Expanding services to hosts might be offering cleaning services, for example. “I think that whether it’s at Amazon or Etsy or Alibaba, they’ve shown there’s an entire suite of services that you can offer for hosts,” Chesky said.
Opening up Airbnb to advertisers is not an opportunity that the company is focusing on, Chesky added.
Airbnb Beats on Revenue and Earnings
Airbnb beat analysts’ expectation on revenue ($2.5 billion, up 18% year-over-year), and adjusted EBITDA ($831 million, excluding foreign currency headwinds, and that was a 15% increase.)
However revenue, nights and experiences booked (an 11% jump), and gross booking value (a 13% leap) all decelerated in growth compared with the second quarter of 2022. It was a tough comparison: A year earlier, nights and experiences booked climbed 25% as Europe shed the Omicron virus in the first quarter, and bookings got pushed into the second quarter.
Airbnb’s net income increased 74% to $662 million, its largest for a second quarter.
On other closely followed metrics, Airbnb stated that stays of 28 days or longer were stable at about 18% of gross nights booked. Airbnb stated it grew its active listings 19% to 7 million with a lot of the growth taking place in Latin America and Asia-Pacific.

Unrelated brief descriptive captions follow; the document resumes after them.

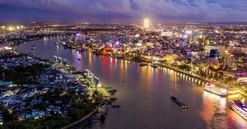 Thành phố sụt lún nhanh nhất ĐBSCL sáp nhập 4 phường làm 1, quy mô hơn 56.000 người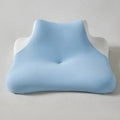 Multifunctional Wedge Pillow – Sleep, Reading & Neck Support Wedge Support Pillow Qst Blue A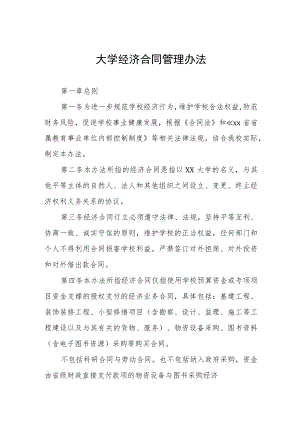 大学经济合同管理办法.docx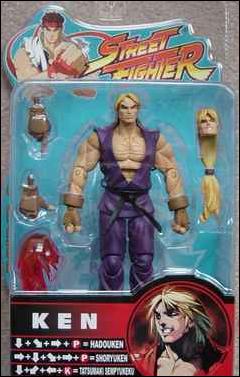 Street Fighter (Round 2) figure 3-C Ken (Purple)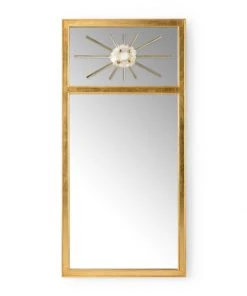 DECOR Chelsea House Crystal Trumeau Mirror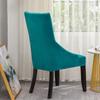 Velvet Sloping Chair Cover High Back Armchair Cover Solid Accent Dining Chair Covers Slipcover Office Hotel Home House De Chaise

Airbnb’s Outlook for the Third Quarter and Full-Year 2023
Airbnb expects revenue to grow 14-18% in the third quarter year-over-year, while nights and experiences booked would grow modestly compared with the second quarter. Its adjusted EBITDA margin would likewise increase “modestly” in 2023 versus 2022.
Airbnb’s potential to launch sponsored listings received a lot of hype a few months ago, but there was no news on that front Thursday, and Chesky indeed said growing its advertising business is not a priority.
There was also no news on Airbnb Experiences, with the company pausing adding new listings several months ago.